Describe the most effective mitigating strategy and explain how its implementation can help the environment recover.
Answers
Answer:
The Mitigation Strategy: Goals, Actions, Action Plan
The mitigation strategy is made up of three main required components:
- mitigation goals,
- mitigation actions, and
- an action plan for implementation.
These provide the framework to identify, prioritize and implement actions to reduce risk to hazards.
Mitigation goals are general guidelines that explain what the community wants to achieve with the plan (see figure above). They are usually broad policy-type statements that are long-term, and they represent visions for reducing or avoiding losses from the identified hazards.
Example goal: Minimize new development in hazard-prone areas.
Mitigation actions are specific projects and activities that help achieve the goals.
Example action: Amend zoning ordinance to permit only open space land uses within floodplains.
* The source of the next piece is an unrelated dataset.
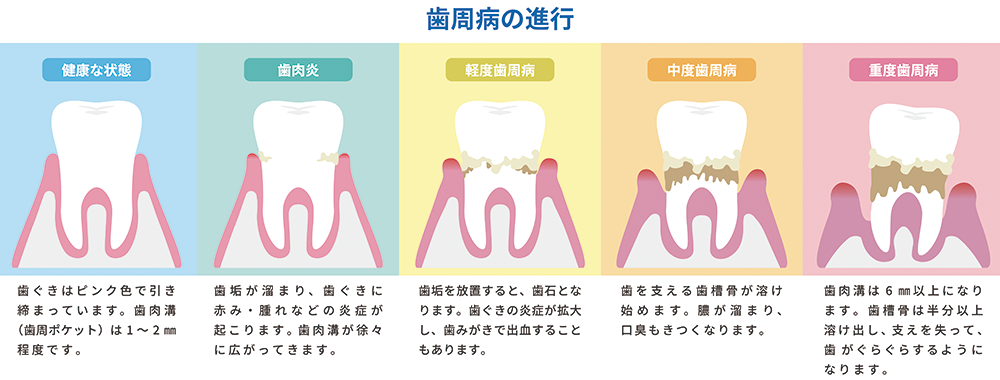 歯周病の進行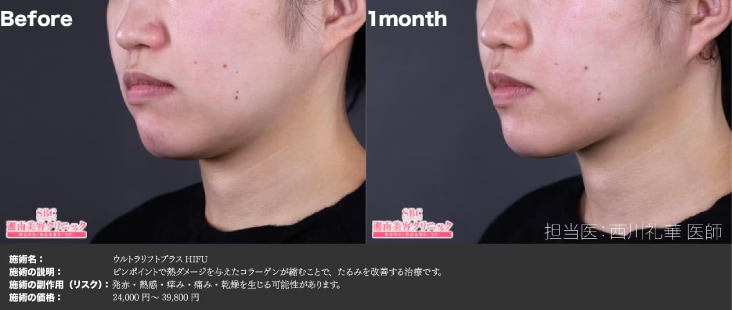 フェイスラインのぼやけ・ほうれい線・二重あごが目立ち始めたら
The action plan describes how the mitigation actions will be implemented, including how those actions will be prioritized, administered and incorporated into the community’s existing planning mechanisms. In a multi-jurisdictional plan, each jurisdiction must have an action plan specific to that jurisdiction and its vulnerabilities.
Although not required, some communities choose to develop objectives to help define or organize mitigation actions (see figure above). Objectives are broader than specific actions, but are measurable, unlike goals. Objectives connect goals with the actual mitigation actions.